Облокотившись на прилавок, Тамара любопытно смотрела, как мальчик неловко пихает в рюкзак пакеты с крупой, а девочка держит в руке два эскимо, переступая сандалетами и не отводя от него глаз.
— Еще вот, — спохватился Горчик, — шампанского. Бутылку. Нет, две, давайте две.
— И за Михасика выпейте, с мамой, — сказала Тамара, отсчитывая сдачу.
— Да.
Они вышли, таща рюкзак и сумку с бутылками. Встали под акацией, и, разворачивая липкие обертки, молча смотрели друг на друга.
— Моя сумка, — сказала Инга, — она там. Упала.
— Вон лежит. Щас. Скоро поезд.
— Да.
— Ты, правда, на неделю?
Она кивнула.
На раскаленной платформе сели на лавку, и Инга, вздыхая, привалилась к Сережиному плечу. Он обнял ее и поцеловал в волосы.
— Еще. Еще так сделай.
— Не. Губы липкие. Измажу.
— А потом? Когда доедим?
— Сто раз, Михайлова. Тыщу. Еще убегать будешь и ругаться. Надоем ведь.
— Нет. Никогда-никогда. А нам долго идти? К твоей Лике?
— Угу. Два часа ехать, потом до вечера идти. С ними мы даже заночевали, в степи, но они ж старики.
— Хорошо, — успокоилась Инга. И он засмеялся, доедая шоколадные крошки.

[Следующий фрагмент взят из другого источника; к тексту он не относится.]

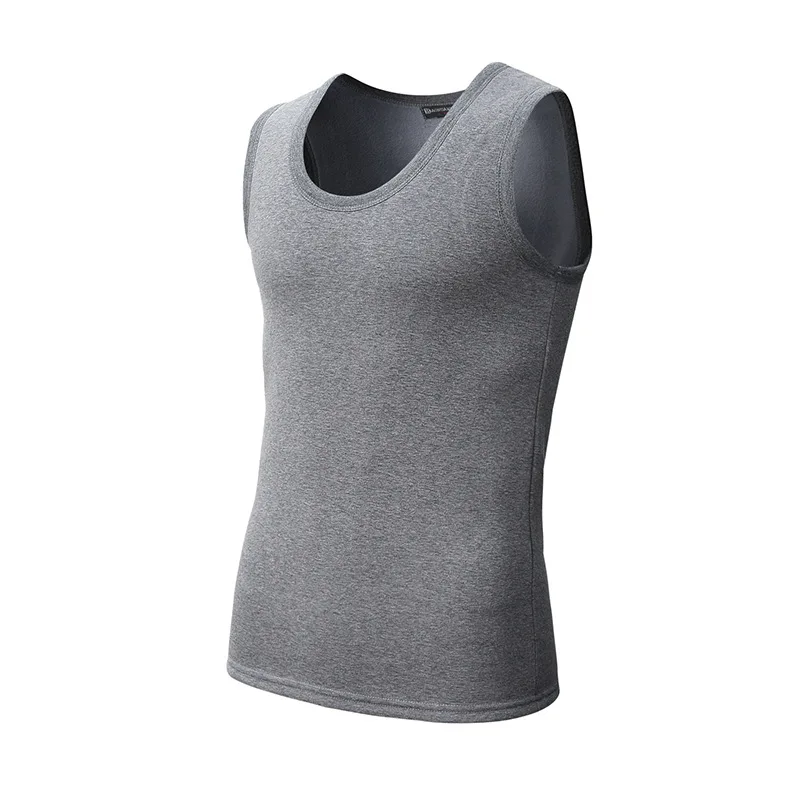 

Autumn Winter Men's Slim Warm Vest Velvet Thicken Tops Seamless O-Neck Base Coat Comfort Sleeveless Top XL-4XL Plus Size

— Что хорошо? Что старики?
— Что долго. Хочу с тобой долго.
— Так и будет. Всегда.
И много позже, в разные времена своей жизни, Инга, перебирая в памяти семь жарких неторопливых дней на пустынном морском берегу, замирала, подавленная неохватностью того небольшого по меркам жизни прошлого. То пыталась встроить его в канву, ища кончики, связывая их с предыдущими событиями, и пробуя вытащить нитку, что стала началом событий будущих. И останавливалась, недоумевая и так и не сумев решить — а есть ли связь. То просто погружалась в счастье обладания сокровищем, понимая — это было, было и ничего уже не изменить, семь драгоценных дней оказались в ее вечной власти, стали ее богатством. И чувствуя, как взрослея и осознавая себя, неумолимо глупеет, обрастая опытом, страхами, привычками, снова и снова поражалась тому, как мудры были двое детей, что встретились для главного — ничего не испортить. Ничем. Ни недавним беспокойным прошлым. Ни скорым будущим, от которого не убежишь.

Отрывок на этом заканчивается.